I CARTA A LA ABUELA

Vó,

há tempos espero para te escrever esta carta. Tudo o que parece ser demasiadamente especial para o ritmo do mundo me exige um silêncio maior, ele mesmo produzido no contratempo necessário.

Então, hoje faz sol, chuva, arco-íris e lua cheia, ademais atravesso meu rio vermelho, a vida-morte-vida que me faz renascer a cada ciclo, e me ensina a deixar morrer para fluir a energia vital.

A senhora me apareceu em sonho, certa noite É verdade que eu já evocava a sua presença, desde quando me encontrei ferida na clareira de uma floresta, onde te via à minha volta, junto com índias, caboclas, ciganas e curandeiras, em meio aos lapsos de minha lucidez.

Desde que a senhora se foi, apenas a reconstituição da sua presença me conforta. Diria que te sinto mais presente agora, quando não há uma realidade geográfica entre nós duas, superada, portanto, essa materialidade implacável. Como se antes a senhora estivesse sempre longe, no seu lugar, e agora estivesse sempre perto, dentro de mim. Precisei da sua partida para poder acessar essa conexão, levo comigo os amuletos que herdei com afeto e responsabilidade.
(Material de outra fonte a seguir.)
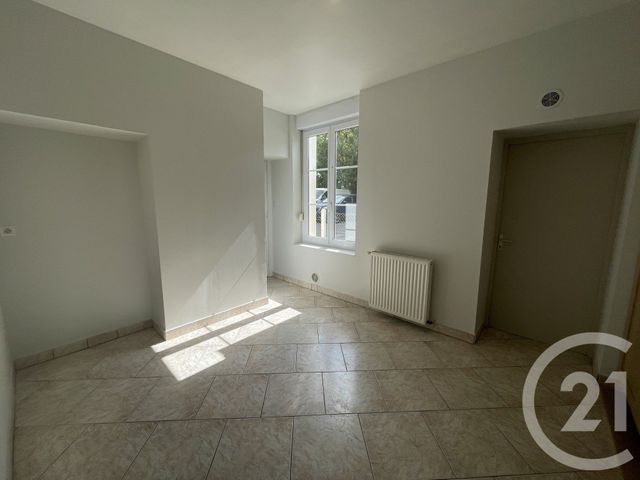 Appartement F3 &agrave; louer - 3 pi&egrave;ces - 81 m2 - Lisieux - 14 - BASSE-NORMANDIE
Desde muito vislumbrei a ancestralidade que se manifestava na cor da sua pele, nas estórias de uma tataravó “enlaçada no mato”, que compunham o nosso imaginário de forma tão naturalizada, nos fazendo questionar de onde é que vinham os ressentimentos mais inconscientes, que somente agora se revelam em uma perspectiva sistêmica. Ainda assim, é preciso expor aos que se fazem de desentendidos, enquanto reproduzem violências que juram combater por meios impróprios.

Escrevo antes que a avalanche de uma nova normalidade se instaure de maneira igualmente naturalizada em minha vida, eu que tive o privilégio de me resguardar durante a pandemia. Às vezes, me sentia mal por estar me sentido bem, isolada das tragédias sociais, além de reconhecer o fato de que não há nada mais trágico do que a sociedade que construímos.

Te escrevo porque não existe amor no fim do mundo, mas encontro paz nos silêncios que crio. Não fosse a sua presença que agora me acompanha, seguiria em meus solos longínquos e contrários aos abusadores que figuram nos álbuns de família, com o consentimento de todos, nesse exílio supostamente voluntário, já que conviver não suportaria.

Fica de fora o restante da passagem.